◆ AIM OF THE TASK: Restate word for word the entries below, starting with the line with "Solid Color Boots" and continuing through the line with "Satisfyer Pro To". Include both of those lines and no others.

◆ EXERCISE MATERIAL:
───

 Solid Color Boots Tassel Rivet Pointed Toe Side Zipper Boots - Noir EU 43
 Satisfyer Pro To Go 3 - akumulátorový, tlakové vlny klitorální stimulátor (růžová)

───

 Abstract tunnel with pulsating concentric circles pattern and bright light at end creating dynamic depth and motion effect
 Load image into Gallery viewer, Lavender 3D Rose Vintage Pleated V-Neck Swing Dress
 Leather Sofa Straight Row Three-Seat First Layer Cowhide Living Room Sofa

───

◆ COMPLETED EXERCISE:
 Solid Color Boots Tassel Rivet Pointed Toe Side Zipper Boots - Noir EU 43
 Satisfyer Pro To Go 3 - akumulátorový, tlakové vlny klitorální stimulátor (růžová)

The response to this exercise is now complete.